6
Feb/18

IN THE BODY OF THE WORLD

6
Feb/18
(photo ©Joan Marcus 2018)

Eve Ensler stands up against cancer in new one-woman show (photo © Joan Marcus 2018)

Manhattan Theatre Club
New York City Center Stage 1
Tuesday – Sunday through March 25, $90
212-581-1212
bodyoftheworldplay.com
www.nycitycenter.org

In the wake of losing my mother to lung cancer just after Thanksgiving, one of the last things I wanted to do was see a play about a woman fighting the cursed disease. But Eve Ensler’s daring, delightful one-woman show, In the Body of the World, which opened tonight at Manhattan Theatre Club’s Stage I at City Center, is bursting with the affirmation of life and the celebration of joy. In 2010, the Tony- and Obie-winning writer of The Vagina Monologues and The Treatment was diagnosed with cancer; she first wrote about it in her 2013 memoir, In the Body of the World, which she has now successfully adapted for the stage. Ensler divides the eighty-minute performance, directed with flair by two-time Tony winner Diane Paulus (Pippin, The Gershwins’ Porgy and Bess), into three sections, “Somnolence,” “Burning,” and “Second Wind,” as she honestly and often poetically talks about her childhood and her family and relates her cancer to things much bigger than herself. “A mother’s body against a child’s body makes a place. It says you are here. I have been exiled from my body. I was ejected at a young age and I got lost,” she says at the beginning. “For years I have been trying to find my way back to my body, and to the earth. I guess you could say it’s a preoccupation.” Ensler strides about Myung Hee Cho’s set, consisting of a wooden chair, a credenza with an altar/cabinet on top, and a chaise longue, which serves as Ensler’s loft, her hospital room, and her hotel room in what she calls Cancer Town, the Mayo Clinic in Rochester, Minnesota. Ensler, a twice-divorced vegetarian and activist who was fifty-six at the time of her diagnosis, had stopped drinking in her twenties and quit smoking in her thirties, so the cancer came as somewhat of a shock, especially when she learned she would have to have her “mother parts,” her uterus, cervix, fallopian tubes, ovaries, and some of her vagina, removed. “Do you have any idea who I am? Do you have any fucking sense of irony?” she tells the doctor.

(photo ©Joan Marcus 2018)

Eve Ensler bonds with nature as she fights for her life in MTC’s In the Body of the World (photo © Joan Marcus 2018)

Ensler exposes her body and her soul as she goes through chemo and becomes involved in the creation of City of Joy, a community of women survivors of rape and violence in Bukavu, Eastern Democratic Republic of Congo, run by Dr.
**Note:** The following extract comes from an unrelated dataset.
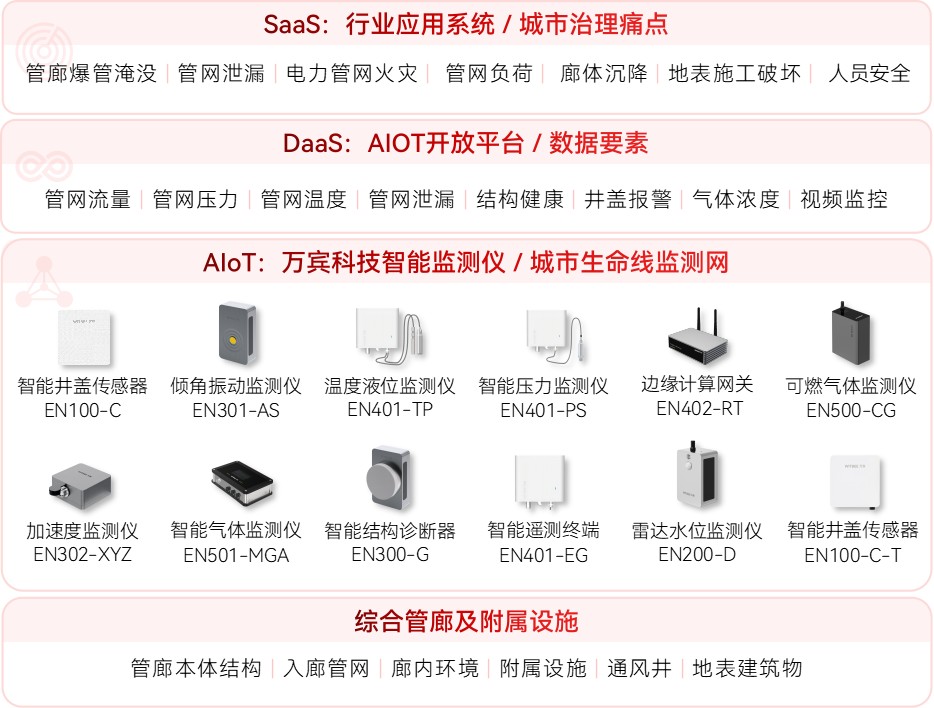 管廊監測系統如何抗干擾、保穩定?(圖2)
Denis Mukwege and Mama C, aka Christine Schuler-Deschryver. (The amazing work they do is documented in Madeleine Gavin’s extraordinary 2016 film, City of Joy.) Ensler says that Dr. Mukwege “was literally sewing up the vaginas of rape survivors as fast as the militias were tearing them apart. . . . There were hundreds of these stories. They all began to bleed together. The destruction of vaginas. The pillaging of minerals. The raping of the earth. But inside these stories of unspeakable violence, inside the women, was a determination and a life force I had never witnessed.” Refusing to feel sorry for herself, Ensler reexamines her place in the greater world, continually working to teach people to stop sleepwalking through life and start taking responsibility for themselves and others, using this stage as a wake-up call for all of us.

Occasionally projections by Finn Ross cover the stage and the back wall, depicting protests, scenes of nature, people at City of Joy, certain key words, and a tree that deeply impacts Ensler’s recovery. She sometimes flirts with new agey ideas and twelve-step jargon — and she tries to get everyone up and dancing at one point in a rather goofy moment — but, being Eve Ensler, she also finds time to briefly fire away at political and social injustice. And then, at the end, she offers a magical surprise that every audience member should experience instead of rushing to get home; I wouldn’t dare give it away, but you can get a look at what it is here if you can’t help yourself. Ensler, a New York City native, is also a founder of V-Day, “a global activist movement to end violence against women and girls” that in 2018 is celebrating the twentieth anniversary of The Vagina Monologues with special events on and around Valentine’s Day. This year’s V-Day motto is “Rise, Resist, Unite,” which is also the route Ensler took in her fight against cancer, as depicted in this warm and very funny performance. I wish my mother were around to have experienced it for herself.